Hedging Interest Rate Risk for the Forecasted Issuances of Fixed-Rate Debt Arising from a Rollover Strategy

Issue H14

Offsetting a Subsidiary's Exposure on a Net Basis in Which Neither Leg of the Third-Party Position Is in the Treasury Center's Functional Currency

Issue H15

Hedging a Forecasted Foreign Currency Transaction That Becomes Recognized

Issue J15

Pre-Existing Hedge Ineffectiveness of a Derivative

Issue J16

Effect of a Transition Adjustment Included in Accumulated Other Comprehensive Income on the Application of Paragraph 30

Issue J17

Is a Pre-Existing Foreign Currency Hedge Related to an Intercompany "Firm Commitment" a Fair-Value-Type Hedge or a Cash-Flow-Type Hedge?



The Board decided to modify the guidance in Implementation Issue C10 to indicate that a forward contract that contains optionality features that would result in the contract in its entirety being considered a net written option under paragraph 20(c)(1) of Statement 133 may qualify for the normal purchases and sales exception if the optionality relates only to the price of the asset to be delivered under the purchase or sale contract. However, such contracts containing optionality that could result in modifying the quantity of the asset to be delivered under the purchase or sale contract may not qualify for the normal purchases and sales exception.

The tentative guidance in the above twenty-two Implementation Issues was the outgrowth of discussions by the Derivatives Implementation Group (DIG) and had been posted on the FASB website since January 21, 2001.

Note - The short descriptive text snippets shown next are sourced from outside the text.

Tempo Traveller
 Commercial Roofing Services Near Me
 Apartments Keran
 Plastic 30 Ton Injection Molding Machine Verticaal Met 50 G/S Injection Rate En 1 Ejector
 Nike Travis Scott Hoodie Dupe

The Board also discussed Derivatives Implementation Group Agenda Item No. 14-3, "Normal Purchases and Sales Exception in the Electric Industry for Capacity Contracts Including Contracts That May Have Some Characteristics of Purchased and Written Options." The Board's discussion indicated insufficient support for creating a special exception that would enable option contracts for the purchase or sale of electricity to be eligible to qualify for the normal purchases and sales exception.